US 12,147,771 B2
Topical vector-quantized variational autoencoders for extractive summarization of video transcripts
Sangwoo Cho, Sammamish, WA (US); Franck Dernoncourt, San Jose, CA (US); Timothy Jeewun Ganter, Woodinville, WA (US); Trung Huu Bui, San Jose, CA (US); Nedim Lipka, Campbell, CA (US); Varun Manjunatha, Newton, MA (US); Walter Chang, San Jose, CA (US); Hailin Jin, San Jose, CA (US); and Jonathan Brandt, Santa Cruz, CA (US)
Assigned to ADOBE INC., San Jose, CA (US)
Filed by ADOBE INC., San Jose, CA (US)
Filed on Jun. 29, 2021, as Appl. No. 17/361,878.
Prior Publication US 2022/0414338 A1, Dec. 29, 2022
Int. Cl. G06F 40/35 (2020.01); G06F 40/279 (2020.01)

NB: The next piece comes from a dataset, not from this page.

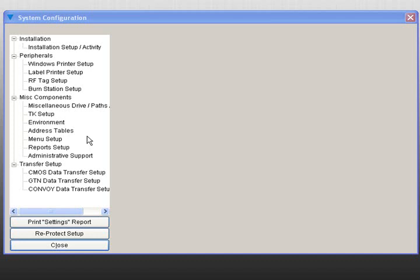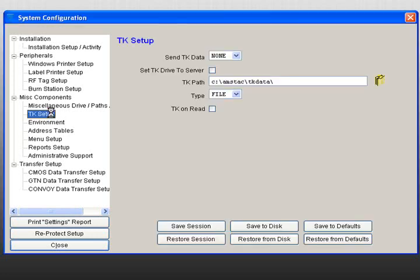This function allows you to configure the drive, directory, and files used for TK transactions. In the Tree View Setup, select TK Setup to begin.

CPC G06F 40/35 (2020.01) [G06F 40/279 (2020.01)] 20 Claims
OG exemplary drawing
 
1. A method comprising:
receiving text including an utterance;
generating a semantic embedding of the utterance using an embedding network;
generating a plurality of feature vectors based on the semantic embedding using a convolution network;
identifying a first plurality of latent codes respectively corresponding to the plurality of feature vectors by identifying a closest latent code from a second plurality of latent codes of a codebook to each corresponding feature vector of the plurality of feature vectors, wherein the second plurality of latent codes of the codebook discretizes a semantic space based on a number of dimensions of the semantic space, and wherein the closest latent code is identified by computing a similarity between the closest latent code and the corresponding feature vector;
identifying a prominent code among the first plurality of latent codes; and
generating an indication that the utterance is a summary utterance based on the prominent code.